■ Activity
A word-for-word copy of the entries is the goal; leave out the pictures.

* * *

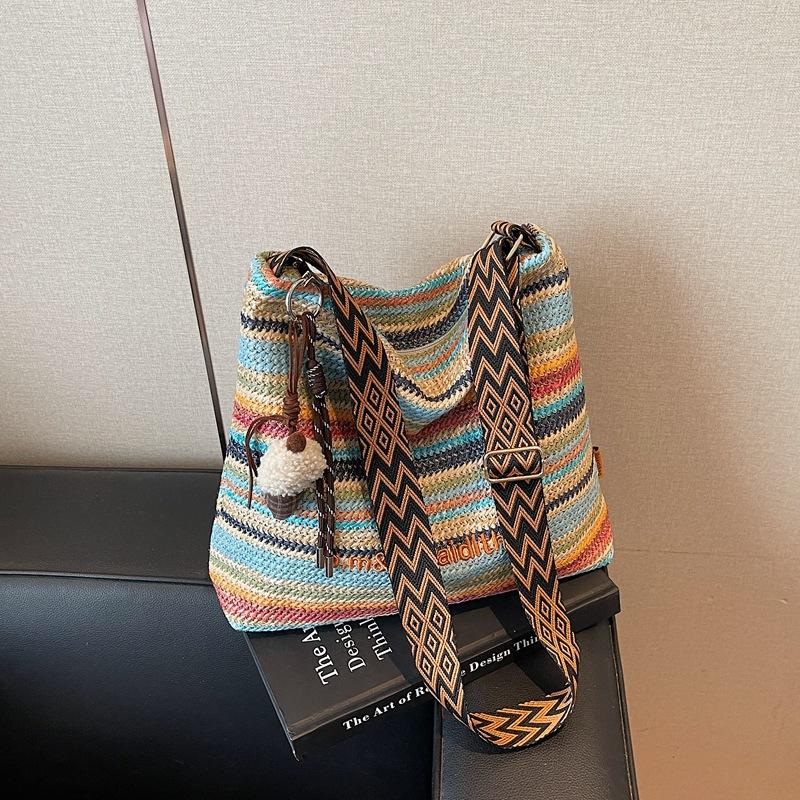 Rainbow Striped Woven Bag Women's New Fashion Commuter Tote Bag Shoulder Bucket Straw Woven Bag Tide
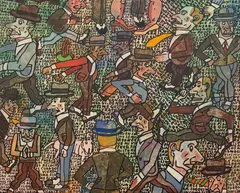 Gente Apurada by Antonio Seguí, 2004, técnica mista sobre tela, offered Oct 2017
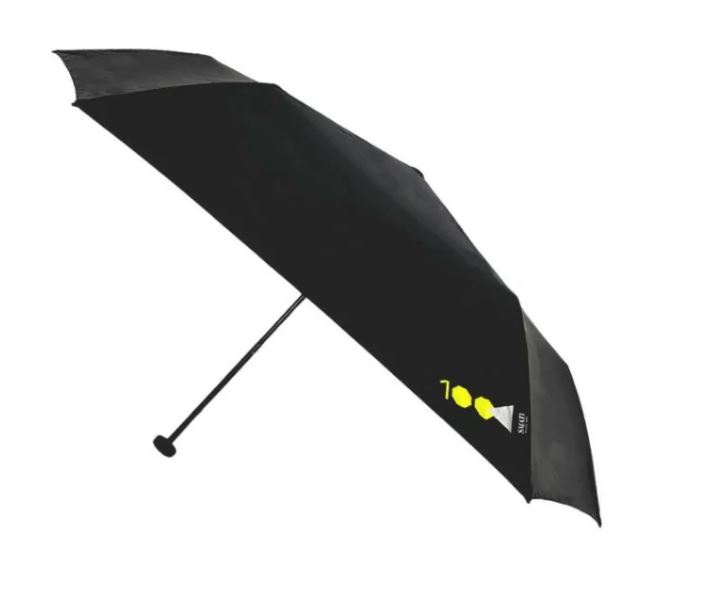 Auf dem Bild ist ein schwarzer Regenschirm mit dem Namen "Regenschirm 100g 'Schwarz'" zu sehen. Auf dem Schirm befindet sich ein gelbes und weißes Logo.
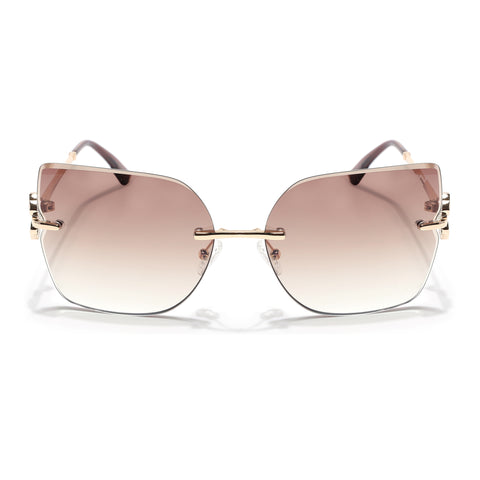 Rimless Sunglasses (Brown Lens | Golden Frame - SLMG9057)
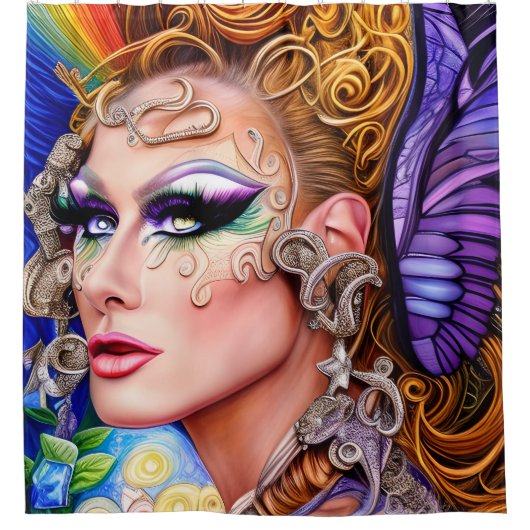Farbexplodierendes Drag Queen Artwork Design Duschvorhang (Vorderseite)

* * *

■ Task answer
 Rainbow Striped Woven Bag Women's New Fashion Commuter Tote Bag Shoulder Bucket Straw Woven Bag Tide
 Gente Apurada by Antonio Seguí, 2004, técnica mista sobre tela, offered Oct 2017
 Auf dem Bild ist ein schwarzer Regenschirm mit dem Namen "Regenschirm 100g 'Schwarz'" zu sehen. Auf dem Schirm befindet sich ein gelbes und weißes Logo.
 Rimless Sunglasses (Brown Lens | Golden Frame - SLMG9057)
Farbexplodierendes Drag Queen Artwork Design Duschvorhang (Vorderseite)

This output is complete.